High Point was a former census-designated place (CDP) and current unincorporated place in Palm Beach County, Florida, United States. The population was 2,191 at the 2000 census. The CDP was removed from the 2010 census.

==Geography==
High Point is located at (26.468118, -80.129152).

According to the United States Census Bureau, the CDP has a total area of 1.5 km2, all land.

==Demographics==

As of the census of 2000, there were 2,191 people, 1,298 households, and 681 families residing in the CDP. The population density was 1,433.8 /km2. There were 1,548 housing units at an average density of 1,013.0 /km2. The racial makeup of the CDP was 91.92% White, 6.94% African American, 0.23% Asian, 0.05% Pacific Islander, 0.05% from other races, and 0.82% from two or more races. Hispanic or Latino of any race were 1.92% of the population.

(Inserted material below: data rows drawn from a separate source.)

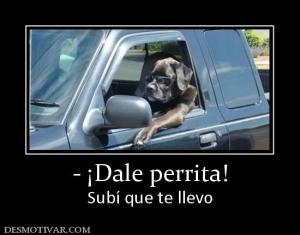 - ¡Dale perrita! Subí que te llevo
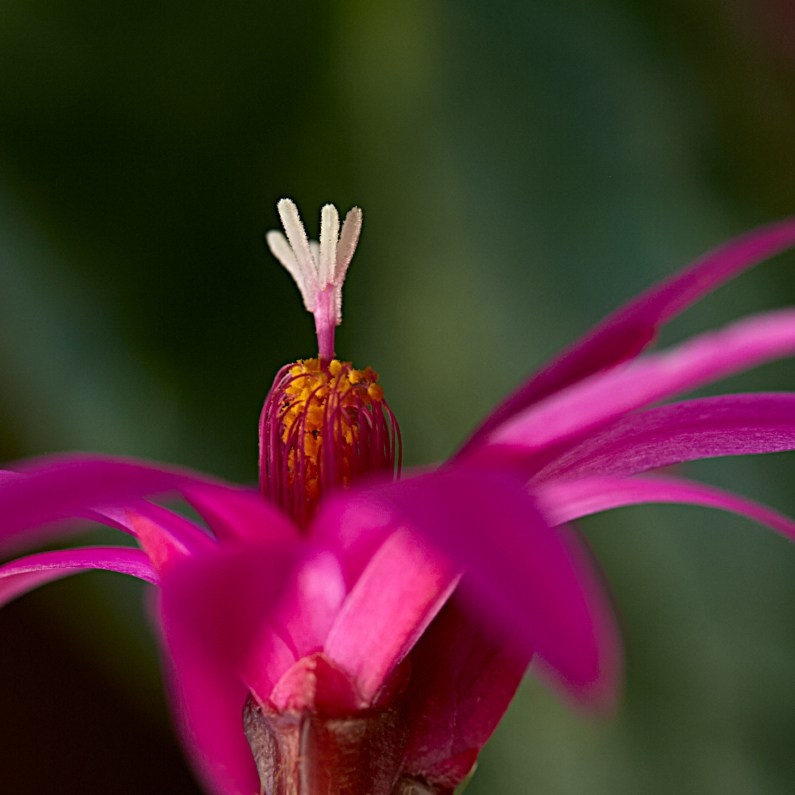 Коллекция «ПРИКОСНОВЕНИЕ». Лена Сми интерьерный и портретный фотограф. Москва и Санкт-Петербург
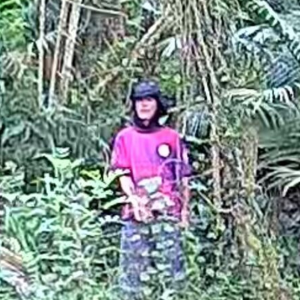 Importunação sexual; suspeito reincide em bairro residencial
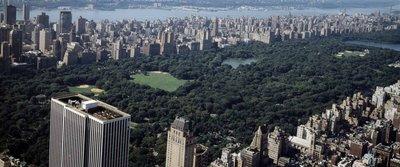 Fun Things to Do With Kids in New York (That Parents Will Enjoy, Too!)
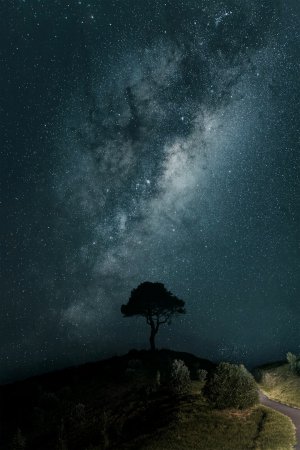 Collector's Choice - Stars Milky Way Wallpaper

In 2000, there were 1,298 households, out of which 2.5% had children under the age of 18 living with them, 47.4% were married couples living together, 3.6% had a female householder with no husband present, and 47.5% were non-families. 43.9% of all households were made up of individuals, and 36.4% had someone living alone who was 65 years of age or older. The average household size was 1.69 and the average family size was 2.21.

In 2000, in the former CDP, the population was spread out, with 3.2% under the age of 18, 2.1% from 18 to 24, 7.3% from 25 to 44, 12.3% from 45 to 64, and 75.1% who were 65 years of age or older. The median age was 75 years. For every 100 females, there were 76.4 males. For every 100 females age 18 and over, there were 76.9 males.

In 2000, the median income for a household in the CDP was $30,530, and the median income for a family was $36,151. Males had a median income of $21,750 versus $32,031 for females. The per capita income for the CDP was $21,270. About 3.9% of families and 6.6% of the population were below the poverty line, including none of those under age 18 and 5.9% of those age 65 or over.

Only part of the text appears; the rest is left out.